Two researchers in the School of Engineering and Applied Science are developing a visual search engine for COVID-19 research papers, according to a University release Thursday.
Electrical and computer engineering professor Howie Huang and doctoral student Isaiah King designed the search engine – called Graggle – in response to a call from the White House, National Institutes of Health and other research organizations charging artificial intelligence experts to create a concise database of knowledge on COVID-19, the release states. Huang said the search engine will provide researchers in medicine and public health quick and efficient access to available knowledge about the disease.

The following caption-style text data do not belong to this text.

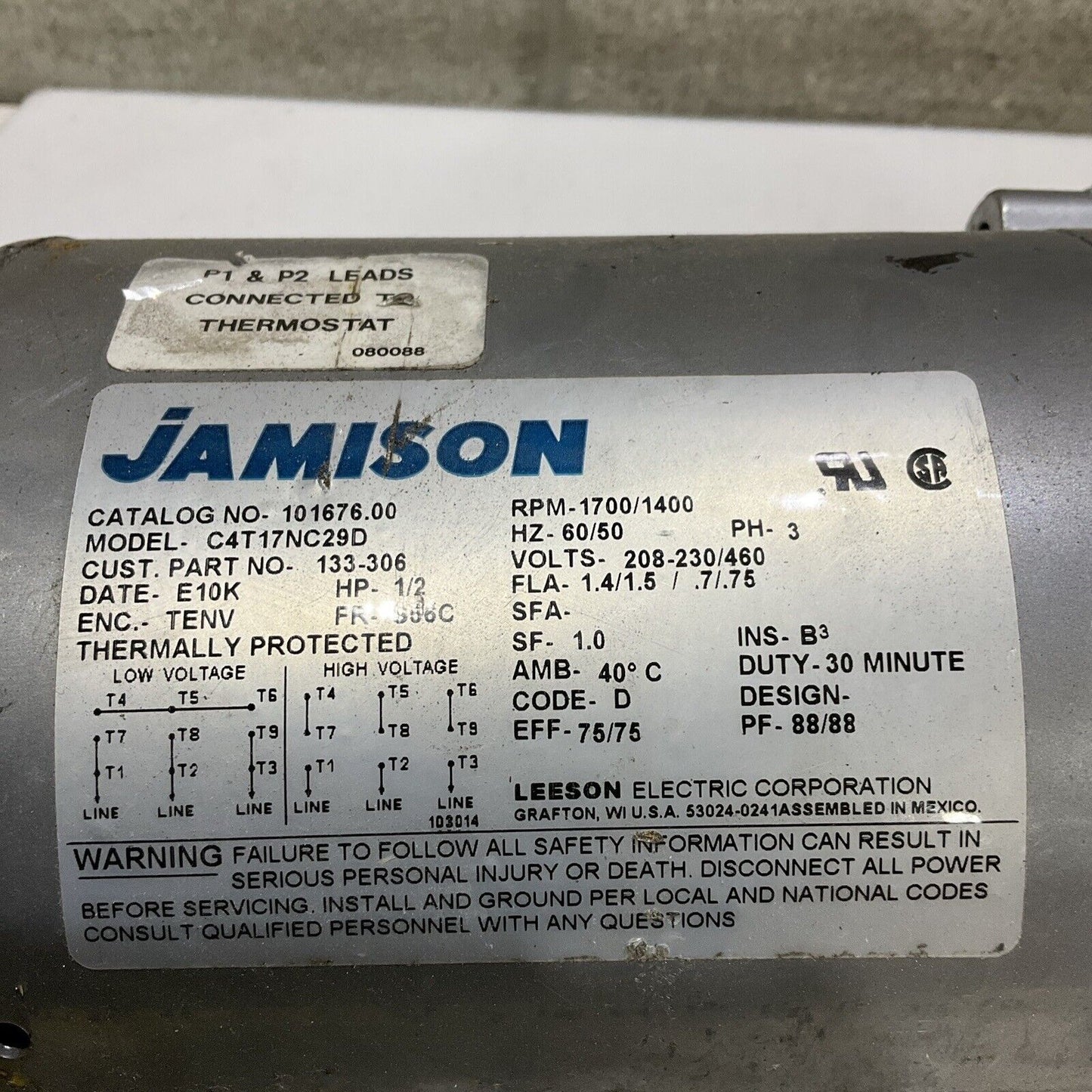 JAMISON C4T17NC29D MOTOR 1/2 HP 1700 RPM 60/50 HZ 3PH U4M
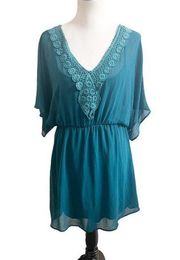 Sage Turquoise Crochet Tunic Dress Elastic Waist Semi Sheer Size Medium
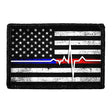 American Flag - Lifeline - Black and White - Distressed - Removable Patch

“Given the recent influx of research papers written about the novel coronavirus, it is vital for the medical researchers to be able to stay current and take advantage of the latest result,” Huang said in the release.
Unlike other coronavirus-related search engines like Google AI’s COVID-19 Research Explorer and the Lawrence Berkeley National Lab’s COVIDscholar, Graggle provides a visual representation of the connections between research papers, according to the release. The closer papers are to one another in color and distance, the more likely they are to focus on similar topics, and the search engine’s algorithm recalculates when users click on a paper, allowing researchers to find more papers focusing on a specific interest, the release states.
“Graggle provides a visual, interactive web of interrelations between papers so that one may understand the context of each individual paper’s contribution,” King said. “It’s a great research tool for visual learners like myself, and I hope it will help anyone out there researching the virus.”